Rachel Scanlon
Stand-up specials
Loud, joyful soft-butch comedy powered by sheer enthusiasm.
Rachel Scanlon performs with her energy pinned to the redline. She paces the stage with wide-eyed, exaggerated movements, playing the cocky heartbreaker before undercutting her own swagger with pure goofiness. She uses her clothes as a tool, jingling a hip-mounted carabiner of keys to punctuate a punchline like a literal mating call. When she acts out a bit, she commits with her whole body. She will pantomime handing out communion wafers as a Catholic priest, isolating the exact moment she realizes how much she enjoys the dominant power of granting people forgiveness.
As the co-host of the widely followed Two Dykes and a Mic podcast, she offers a deliberate alternative to the earnest queer storytelling hour. Her live shows function as part standup, part pep rally. She acts as a loud older sibling for fans who came out by watching internet videos during lockdown, welcoming them into the room with pure enthusiasm.

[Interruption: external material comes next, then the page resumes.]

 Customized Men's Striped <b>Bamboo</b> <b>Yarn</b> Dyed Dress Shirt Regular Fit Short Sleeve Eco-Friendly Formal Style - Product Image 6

Her hour Gay Fantasy assumes everyone in the room already gets the joke. The material zeroes in on the absurdities of her own life: elaborate fantasies about gym teachers, the indignities of sharing a hot tub with a large family, and the unexpected power dynamics of Christian rituals. Her pacing rarely drops below a sprint. A crowd has to work to match her stamina, but her refusal to take herself seriously keeps the room buoyant. She never stops the show to deliver a solemn thesis. She just keeps the volume up.
Raised in Minnesota in a large religious household, she strips the traditional midwestern modesty out of her stories, replacing it with sheer spectacle.